K-Anonymity (K-Member Micro-Aggregations)

For many use cases and tasks in an organization, de-identification is enough when you have to take care of privacy (for instance because the data was collected lawfully, which of course it was...). By using masking or (rotated) encryption, plaintext data is hidden. This is great if you want to retain patterns and value inside your data. However, there is no mathematical guarantee we can never re-identify any user based on patterns inside non-personal data.

There are cases where strict guarantees on the level of personality inside data are necessary (by default, or mandated by policies inside organizations). By definition, removing personality from data also includes removing potential information from the data.

If this is a trade-off you need to strike you can extend your pipelines with K-MMA: K-member micro aggregations.
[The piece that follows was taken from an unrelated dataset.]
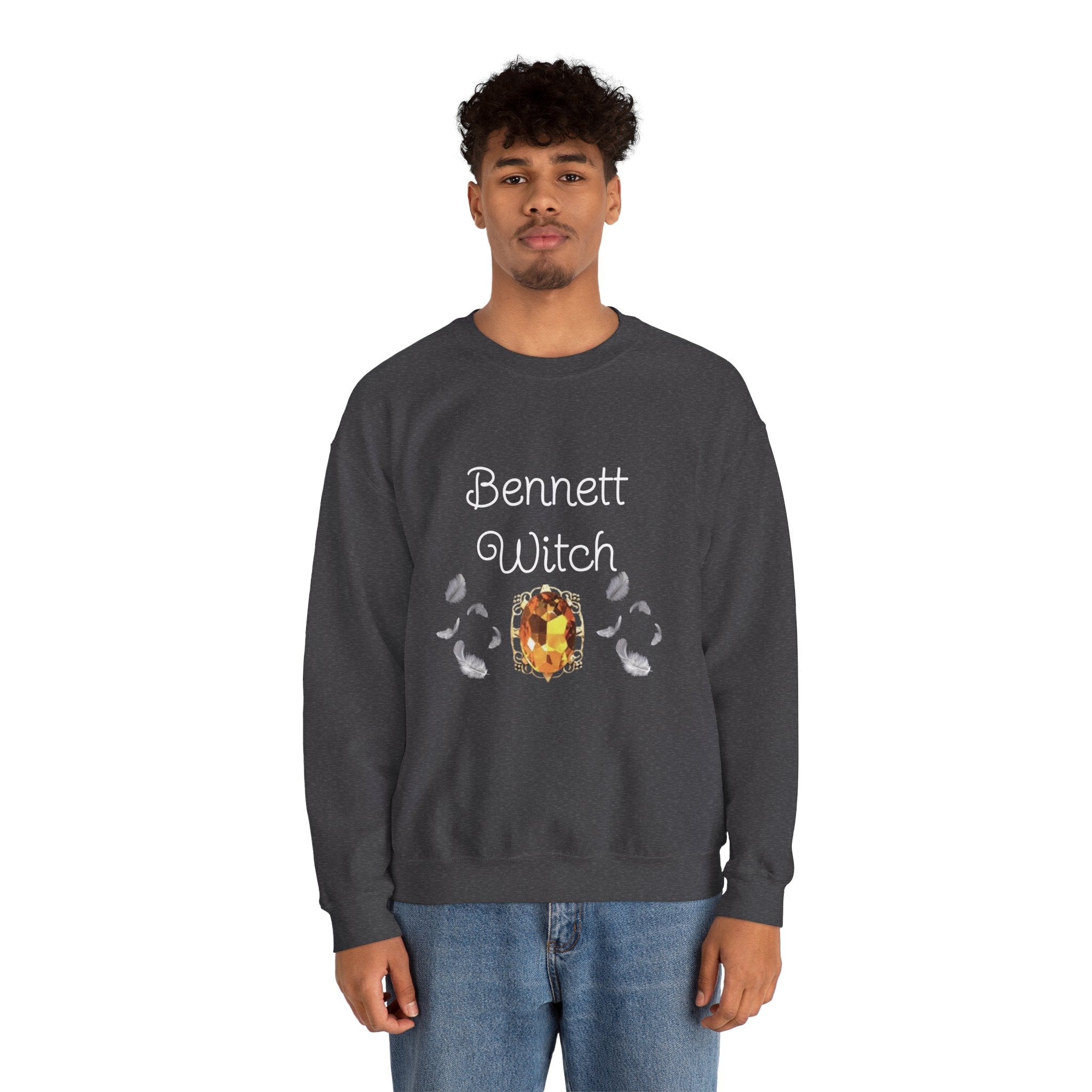 Bennett Witch — Bonnie Bennett — TVD — Gemstone Accent Crewneck Sweatshirt – Citrine Jewel Design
K-Member Micro Aggregations and K-anonymity

A common way to describe how hard re-identification of your data is, is by the means of k-anonymity. A dataset is said to be k-anonymous if and only if for any data subject at least k-1 other data subjects have the same characteristics. These characteristics are based on a set of Quasi Identifiers (see definitions). With k-Member Micro-Aggregations we can guarantee that for each row of the Quasi Identifiers you define at least k-1 rows exist with the same values.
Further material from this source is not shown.